The PUMA isn’t available yet – it’s just a prototype – so whether or not this’ll ever make it into production is a flip of a coin.

PT Cruiser Conversion

Handicap Friendly PT Cruiser

Hey, it looks like there’s a use for the PT Cruiser after all! As many of you know, I absolutely despise this car. But if you’re bound to a wheelchair, it turns out you might find a use for it.

And you even get the chance to convert your doors to gullwing-style without looking like a complete idiot!

I don’t imagine this would be cheap, but by converting the rear door to that gullwing setup, removing the front seat, and adding a fold-out ramp, you’re able to ride right up and get going.



This is taking it to ultimate simplicity, I love it.

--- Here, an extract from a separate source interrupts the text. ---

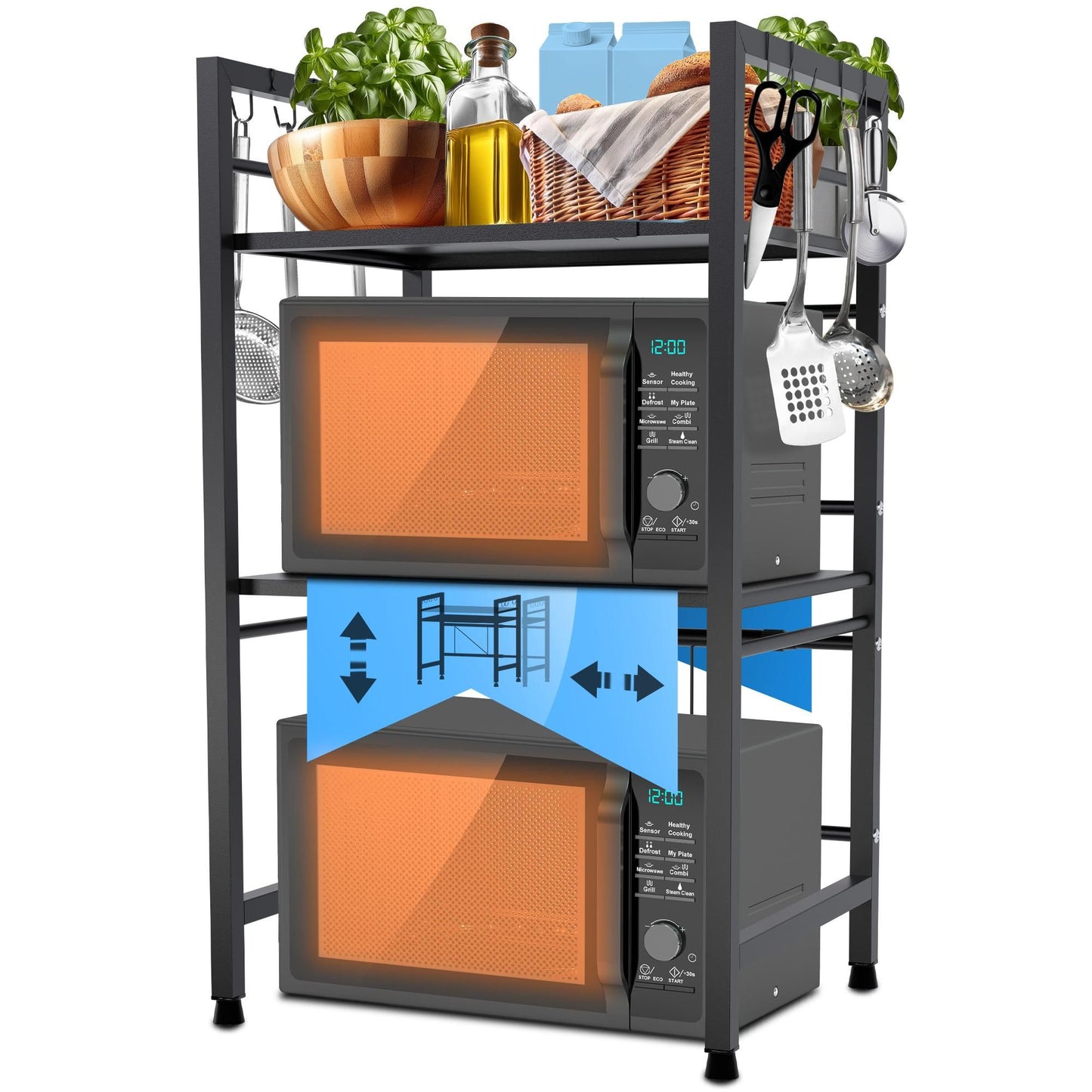 Mikroaaltouunin hylly Marana porrastettu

A single-person city car, you just back up to a curb, pop open the rear hatch and roll right in. Done.

You roll up to motorcycle-like handlebars with all the controls in front of you (see images below.)

The Kenguru is completely electric-powered, goes 50 miles on a charge, and tops out at about 25 mph. So while it’s not quite highway ready, it’s a good option for scooting around town.

I kind of want one.


Quovis open

What’s with all the weird names for these things?

The Quovis is very similar to the Kenguru in concept and form. Almost identical, in fact.

The big difference though is that it’s powered by a 505cc motorbike engine and transfers 20.4 horsepower to the front wheels through a CVT. All those tiny numbers adds up to one big one: 90. That’s how many MPGs it gets.

So yeah, it’s basically a scooter underneath.

Another cool feature of the Quovis – it has voice-activated controls for climate, shifting, turn signals, horn, headlamps, wipers, windows, and radio.

What do you think?

Now that paralyzed folk aren’t limited to specialized vans and MPVs which require an assistant, they have much more personal freedom in getting around. Sure, you could pick up a used Mercedes Sprinter or Dodge Caravan and have it converted, which is a popular option, but that’ll likely cost around $20,000 on top of the cost of the vehicle.

And of course the option of buying a pre-converted model is there too, but what’s the fun in that when you could be riding around in a self-balancing wheelchair or 90 mpg city car?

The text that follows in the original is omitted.